Tuesday, September 28, 2021

Toronto in 1868 - The Royal Insurance Company Building


This was originally posted on my Instagram account on July 4th, 2021.  

You can find me on Instagram @fiennesclinton



The Royal Insurance Company Building was built at the southeast corner of Yonge & Wellington streets in 1861 & demolished in 1960. By the time that Octavius Thompson was taking his photographs of Toronto in the 1860s, the area bounded by Wellington Street, Colborne Street, Yonge Street & Church Street was growing into the city’s financial district. Over the next several decades, Toronto’s business area would migrate westward towards King & Bay streets.

One thing that Thompson’s photographs from the 1860s emphasize is how Toronto was embracing some very elegant architecture at the time. A century later, in the 1960s, many of these buildings were destroyed in favour of the rather less elegant Modernist or Brutalist buildings that took their place.

The original text from Octavius Thompson’s “Toronto in the Camera” reads as follows.

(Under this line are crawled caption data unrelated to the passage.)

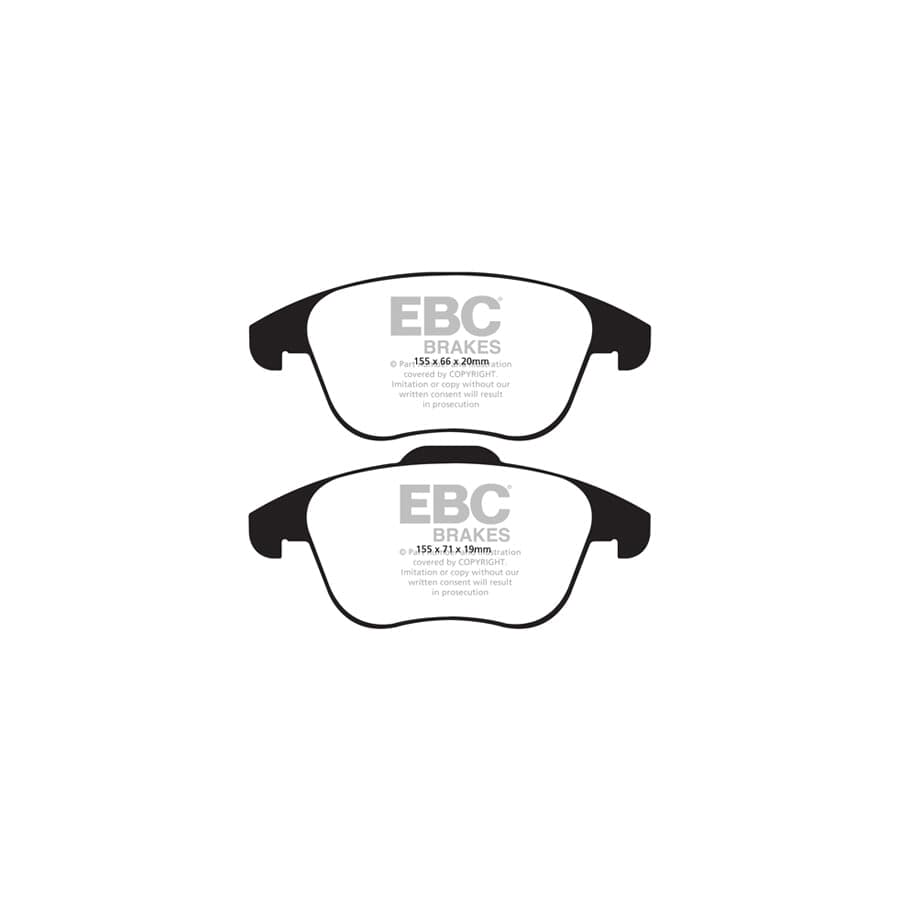 EBC PDKF174 Audi Seat VW Ultimax Front Brake Pad & Plain Disc Kit - TRW Caliper 2 | Duco Car Parts UK Car Parts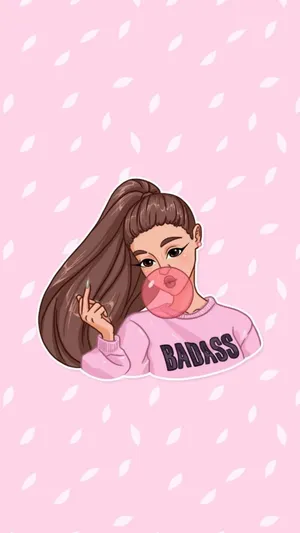 Pretty Girl Badass Aesthetic Cartoon Wallpaper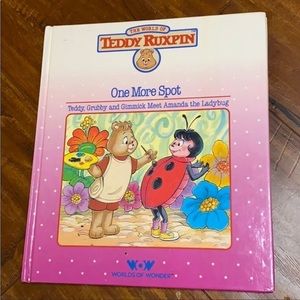 Vintage 1985 One More Spot RARE Teddy Ruxpin and His Friends‎ Meet the Ladybug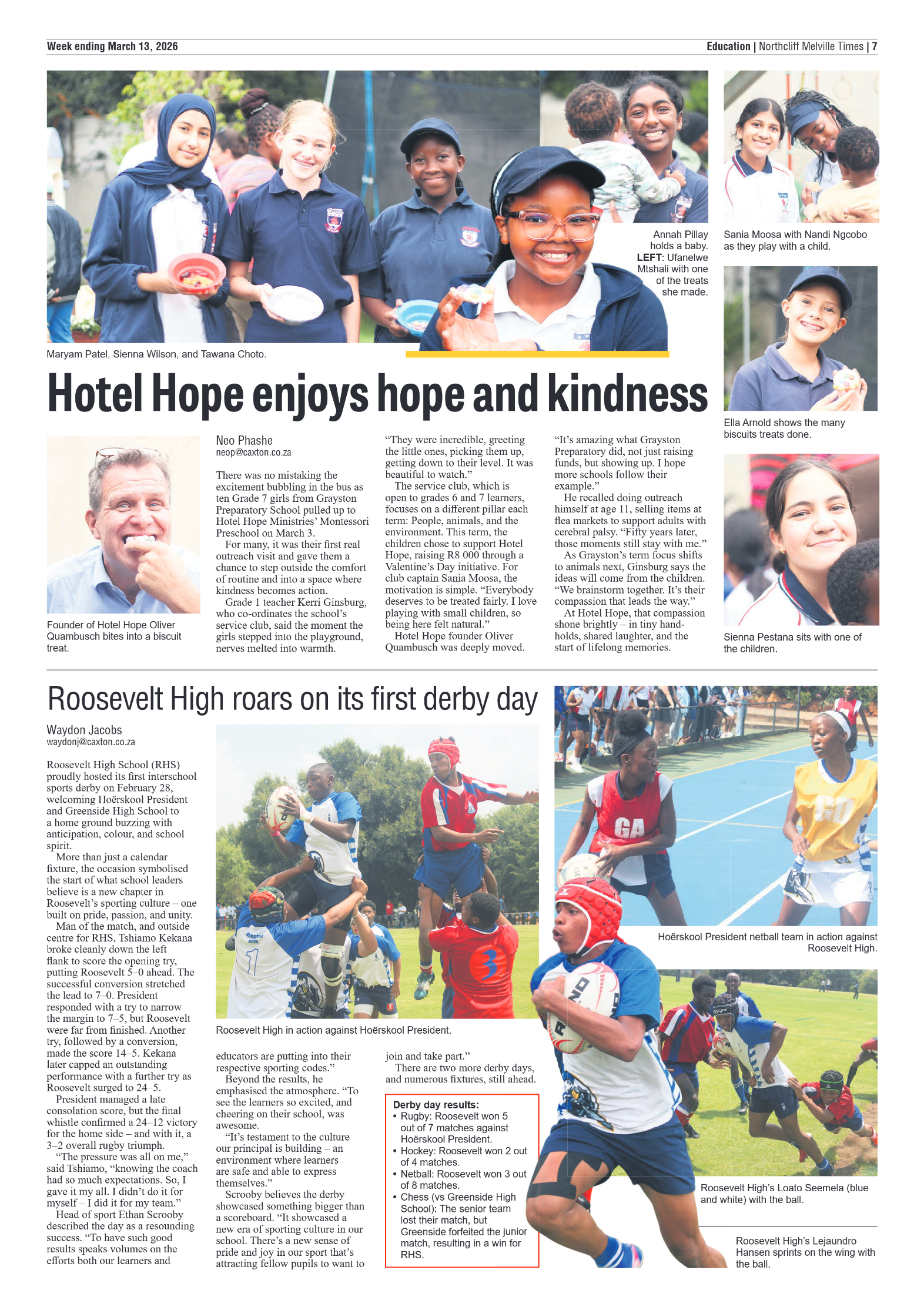 Northcliff Melville Times 13 March 2026 page 9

“This handsome building, the Head Office of the Upper Canada Agency of the Royal, was erected in 1861, the rapidly increasing business of the Company demanding larger and more convenient premises. The style is Romanesque, and the details are worked out in a manner which does great credit to the architect, W. Kauffmann, Esq. The frontage on Wellington Street is 59 feet, and on Yonge Street 30 feet. The whole of the ground floor is occupied for the purposes of the Royal: the upper flats are used for offices, principally occupied by legal firms. The height of the building is about 40 feet. The progress of the Royal during the past few years, both in the Fire and Life Departments, has been very great. Its accumulated funds exceed $1,200,000, and its annual income is over $700,000. It now claims, with justice, to be ‘one of the largest insurance companies in the world’. The Toronto Branch is under the management of F.H. Heward, Esq.”